The guy sat there, with Bear soaking up ear scratches and shoulder rubs, apologizing to him for assuming he'd be a mean dog. 

I'm sure Bear had no idea what was going on aside from 'nice man is petting me and talking to me, yessssss!'

On a similar note, the last small dog that was afraid of Bear started making play gestures at him this afternoon and they had a short little play time; Bear is super careful around little dogs, since he lives with one, and when this last little girl would run away if he looked at her he'd turn back to me, look dejected, whine quietly.
Today, she finally played with him and he had the biggest, dumbest, happiest grin when she didn't run away.


----------



## Mary Beth (Apr 17, 2010)

Congratulations Bear! You are a wonderful ambassador for the breed. That is great that you can go do work with your human.


----------



## CindyMDBecker (Feb 22, 2013)

Awwww Bear ... I wish you worked with ME! I'd smoosh you up big time!  That's great news.


----------



## Skywalkers Mom (Oct 26, 2012)

So I guess first name is Teddy? Great to hear.


----------



## Subdolus (Jul 28, 2014)

Mary Beth said:


> Congratulations Bear! You are a wonderful ambassador for the breed. That is great that you can go do work with your human.

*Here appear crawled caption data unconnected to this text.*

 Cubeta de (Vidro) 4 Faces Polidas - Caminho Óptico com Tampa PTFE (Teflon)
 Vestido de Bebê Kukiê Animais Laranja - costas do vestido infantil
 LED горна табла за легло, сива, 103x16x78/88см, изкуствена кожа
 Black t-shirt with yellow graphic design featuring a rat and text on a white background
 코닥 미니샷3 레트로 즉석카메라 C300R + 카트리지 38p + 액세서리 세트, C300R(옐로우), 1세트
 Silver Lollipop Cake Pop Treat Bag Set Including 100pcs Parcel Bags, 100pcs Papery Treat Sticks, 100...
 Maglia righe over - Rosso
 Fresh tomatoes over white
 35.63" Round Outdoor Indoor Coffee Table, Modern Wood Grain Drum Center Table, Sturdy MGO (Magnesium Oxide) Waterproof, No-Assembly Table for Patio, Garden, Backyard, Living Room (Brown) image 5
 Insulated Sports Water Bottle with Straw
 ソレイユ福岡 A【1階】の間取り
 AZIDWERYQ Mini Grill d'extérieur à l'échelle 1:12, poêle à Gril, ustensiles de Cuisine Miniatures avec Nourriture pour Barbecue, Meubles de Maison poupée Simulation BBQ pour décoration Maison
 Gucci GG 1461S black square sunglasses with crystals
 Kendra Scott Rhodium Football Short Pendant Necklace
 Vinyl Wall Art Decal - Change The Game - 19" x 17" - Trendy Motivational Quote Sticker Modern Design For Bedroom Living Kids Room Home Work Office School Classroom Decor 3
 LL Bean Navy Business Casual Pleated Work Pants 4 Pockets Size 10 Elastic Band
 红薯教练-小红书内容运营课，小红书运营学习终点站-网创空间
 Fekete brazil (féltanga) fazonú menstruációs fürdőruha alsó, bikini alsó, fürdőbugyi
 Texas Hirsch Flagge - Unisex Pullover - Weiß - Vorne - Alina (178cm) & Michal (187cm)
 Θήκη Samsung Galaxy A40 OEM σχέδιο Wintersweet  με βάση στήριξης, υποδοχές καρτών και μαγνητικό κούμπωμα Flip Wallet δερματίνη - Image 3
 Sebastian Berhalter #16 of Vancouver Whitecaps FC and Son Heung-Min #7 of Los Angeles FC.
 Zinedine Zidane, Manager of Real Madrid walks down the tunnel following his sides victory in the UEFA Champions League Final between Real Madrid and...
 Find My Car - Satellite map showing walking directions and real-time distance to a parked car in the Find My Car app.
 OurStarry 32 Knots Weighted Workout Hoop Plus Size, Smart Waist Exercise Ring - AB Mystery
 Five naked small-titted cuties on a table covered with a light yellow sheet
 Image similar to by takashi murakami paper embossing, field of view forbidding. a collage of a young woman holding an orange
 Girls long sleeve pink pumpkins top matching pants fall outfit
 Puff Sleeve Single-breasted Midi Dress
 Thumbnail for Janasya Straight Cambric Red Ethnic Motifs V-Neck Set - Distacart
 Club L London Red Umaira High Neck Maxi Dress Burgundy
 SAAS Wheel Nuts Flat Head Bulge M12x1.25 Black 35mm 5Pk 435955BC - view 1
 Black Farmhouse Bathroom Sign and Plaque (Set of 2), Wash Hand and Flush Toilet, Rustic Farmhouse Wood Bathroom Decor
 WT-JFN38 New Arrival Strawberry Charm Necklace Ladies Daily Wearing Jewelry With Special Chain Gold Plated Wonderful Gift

I love that part of my job so much; having friendly dogs around in a tech place is such a HUGE stress reliever!

Rough day with a lot of busted databases to fix and angry customers to calm? Take a few minutes and rub some soft dog ears or snuggle with a friendly fuzzy dog. Works wonders.

We're moving to a new building this fall, and the most frequently asked question about the move was, "Can we still have dogs in the office?" (We can, since we own the new building and don't have to have landlord approval.)



CindyMDBecker said:


> Awwww Bear ... I wish you worked with ME! I'd smoosh you up big time!  That's great news.


He would love everything about you for that. The only thing he doesn't like is that I make him stay leashed to my desk, but that just makes him look at me with sad eyes while smaller dogs get to roam free.

I'm sure he'd be fine, but he's so HUGE (Big guy, 105lb) that he'd probably knock things over either with his body or tail, especially if he started playing the same chase games the smaller dogs play.

Not a huge deal as we have roof access so I can take him up there to run around in the 'mini dog park'.


----------



## Subdolus (Jul 28, 2014)

Skywalkers Mom said:


> So I guess first name is Teddy? Great to hear.


HA! He certainly looks and acts like one some days!

Officially, his first name is Bender's. 

A few people in the office have taken to calling him Buddybear.


----------



## Clare (Feb 6, 2005)

that is so cool! Way to go Bear!!!!


----------